◆ Your task ◆
The lines from the one holding "Jeu de société" to the final line of the listing below are to be duplicated exactly, with both ends included and pictures omitted.

◆ Supplied information ◆
....
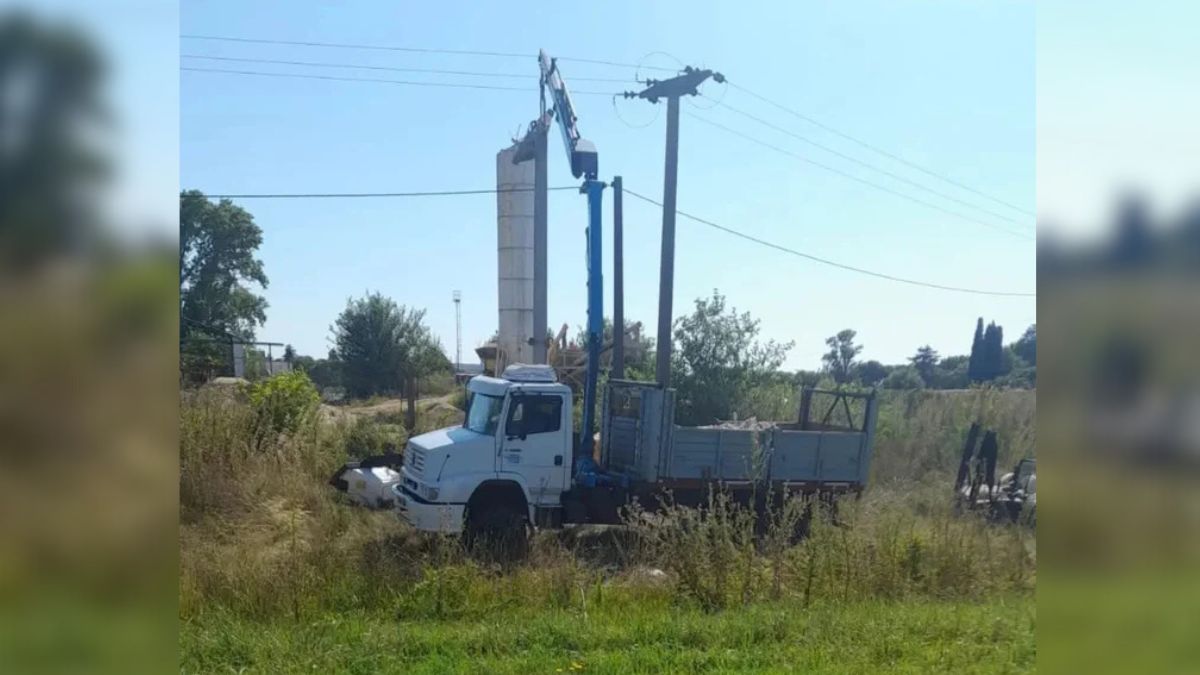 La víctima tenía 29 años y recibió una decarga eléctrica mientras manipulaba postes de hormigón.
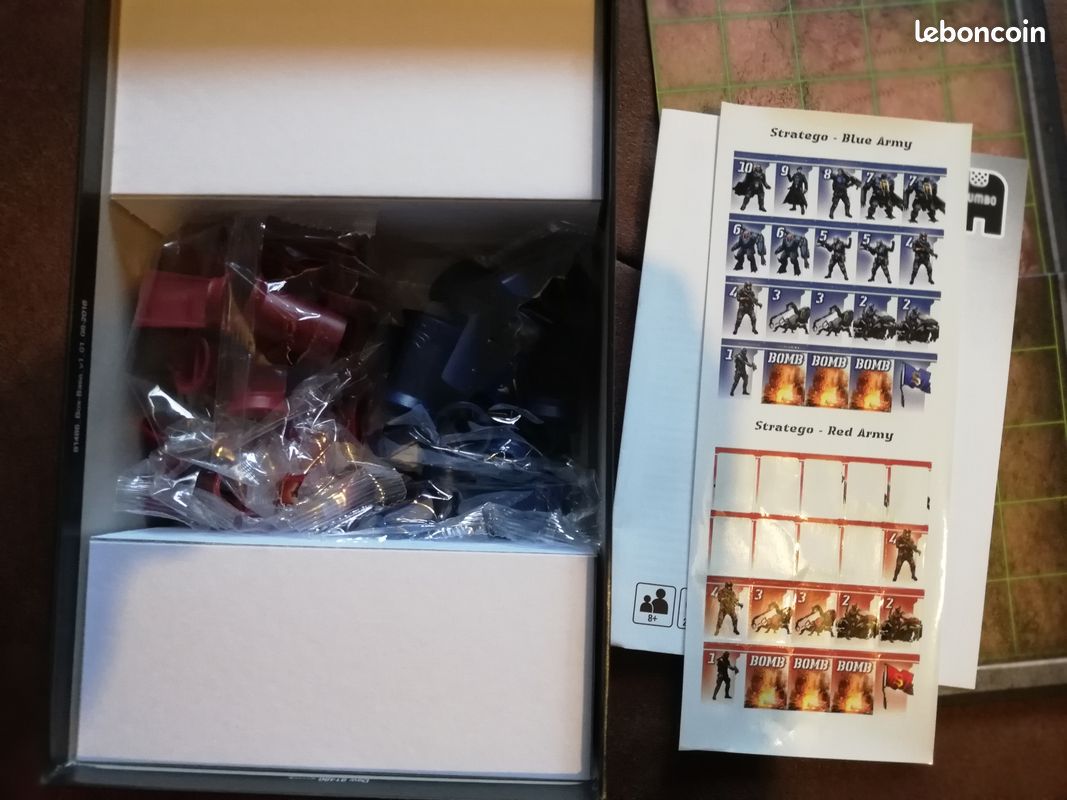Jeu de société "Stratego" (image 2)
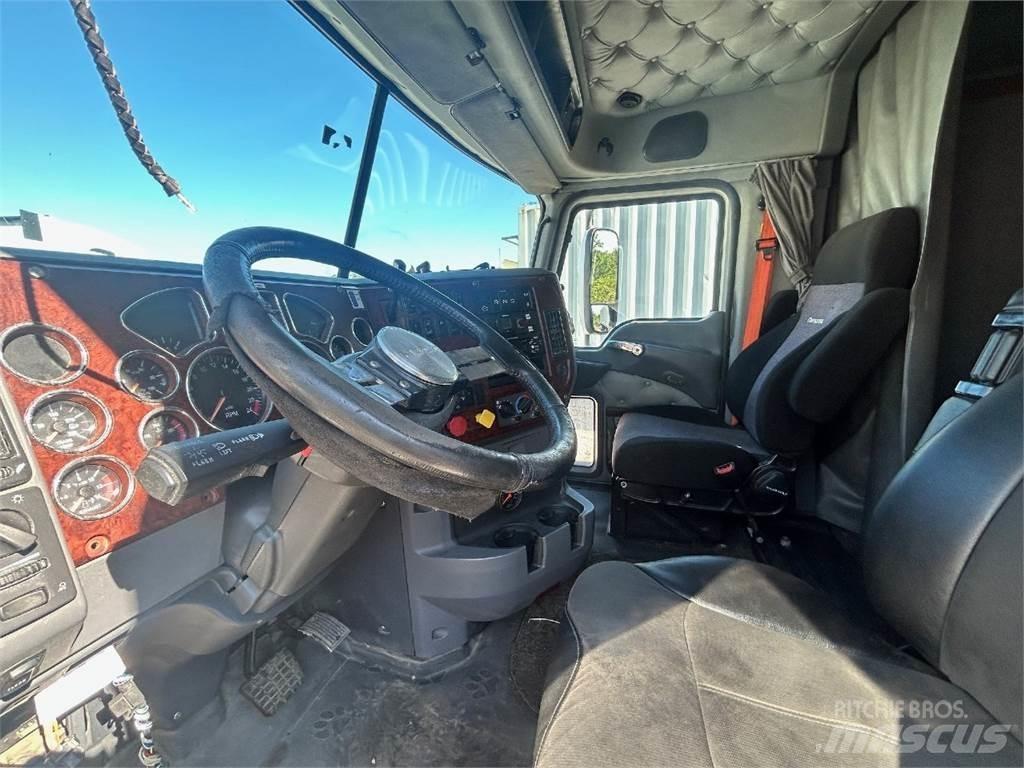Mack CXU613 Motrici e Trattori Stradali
....
◆ Output of the task ◆
Jeu de société "Stratego" (image 2)
Mack CXU613 Motrici e Trattori Stradali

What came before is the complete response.